Between January and March this year, Pension Corporation interviewed 243 individuals managing approximately £50bn (€58bn) of pension fund assets in aggregate. Of these, 142 were lay trustees and 101 were independent trustees, consultants and pension managers.
As to why trustees should be paid, 55% of respondents said it was because of increasing pensions expertise required, with 17% citing the significant level of responsibility, and 14% the amount of unrecognised time spent on their trustees' duties.

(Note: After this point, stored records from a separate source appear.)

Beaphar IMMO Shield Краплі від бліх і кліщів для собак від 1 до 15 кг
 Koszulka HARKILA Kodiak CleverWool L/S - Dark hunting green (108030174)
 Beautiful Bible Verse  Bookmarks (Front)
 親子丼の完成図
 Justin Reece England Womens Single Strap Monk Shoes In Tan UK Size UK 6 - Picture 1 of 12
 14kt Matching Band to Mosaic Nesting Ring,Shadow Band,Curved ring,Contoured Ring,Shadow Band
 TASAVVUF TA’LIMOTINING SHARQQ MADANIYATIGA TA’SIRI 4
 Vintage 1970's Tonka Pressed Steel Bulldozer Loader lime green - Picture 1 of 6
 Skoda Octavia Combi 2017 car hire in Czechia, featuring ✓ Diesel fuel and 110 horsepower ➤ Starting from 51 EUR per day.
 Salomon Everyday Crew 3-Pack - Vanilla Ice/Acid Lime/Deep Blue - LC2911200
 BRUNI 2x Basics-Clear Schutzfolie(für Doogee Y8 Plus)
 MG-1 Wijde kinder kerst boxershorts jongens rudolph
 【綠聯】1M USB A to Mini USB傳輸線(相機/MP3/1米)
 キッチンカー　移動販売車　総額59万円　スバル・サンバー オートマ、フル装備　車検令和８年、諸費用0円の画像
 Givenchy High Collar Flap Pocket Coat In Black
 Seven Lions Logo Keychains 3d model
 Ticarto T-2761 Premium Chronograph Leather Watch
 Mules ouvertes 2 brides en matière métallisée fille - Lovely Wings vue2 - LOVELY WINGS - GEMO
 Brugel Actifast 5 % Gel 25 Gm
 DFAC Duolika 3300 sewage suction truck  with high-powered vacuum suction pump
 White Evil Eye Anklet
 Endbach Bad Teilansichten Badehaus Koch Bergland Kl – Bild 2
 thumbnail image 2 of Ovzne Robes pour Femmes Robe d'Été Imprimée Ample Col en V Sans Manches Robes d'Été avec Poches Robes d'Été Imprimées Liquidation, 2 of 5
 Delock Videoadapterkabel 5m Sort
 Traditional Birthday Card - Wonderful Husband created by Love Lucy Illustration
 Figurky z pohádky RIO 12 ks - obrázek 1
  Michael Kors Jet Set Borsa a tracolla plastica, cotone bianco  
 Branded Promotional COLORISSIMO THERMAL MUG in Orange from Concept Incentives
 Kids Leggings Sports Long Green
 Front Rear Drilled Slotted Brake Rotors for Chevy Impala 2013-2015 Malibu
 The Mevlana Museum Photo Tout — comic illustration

David Collinson, head of origination at Pension Corporation, said: "The responsibilities and requirements for trustees have grown significantly over the last five years. This is a result of more -- and more complex - legislation, and also clarification as to the rules for running trusts. Trustees do an admirable job, but if you pay people, it does add an extra layer of professionalism."
Collinson added: "The options that trustees have to consider have grown more complicated, and therefore require a fuller understanding - for example, they have the obligation to understand all the de-risking options open to them. It is also vital for them to understand how these options might work, a significant additional area of complexity."
According to Collinson, a paid trustee in the UK could typically earn between £10,000 and £20,000 per year for their part-time role.
He added: "In any other sector, you would get paid for managing hundreds of millions of pounds. In fact, many employers could spend as much on legal advice in a week as they would pay a trustee for a year."
And Collinson warned that demand for pension fund trustees would continue to grow.
Meanwhile, Pension Insurance Company, Pension Corporation's parent, was reported to have been sent a letter by the FSA asking it to explain aspects of its investment strategy. It has since reportedly addressed the issues concerned.
Both the FSA and Pension Corporation declined to comment.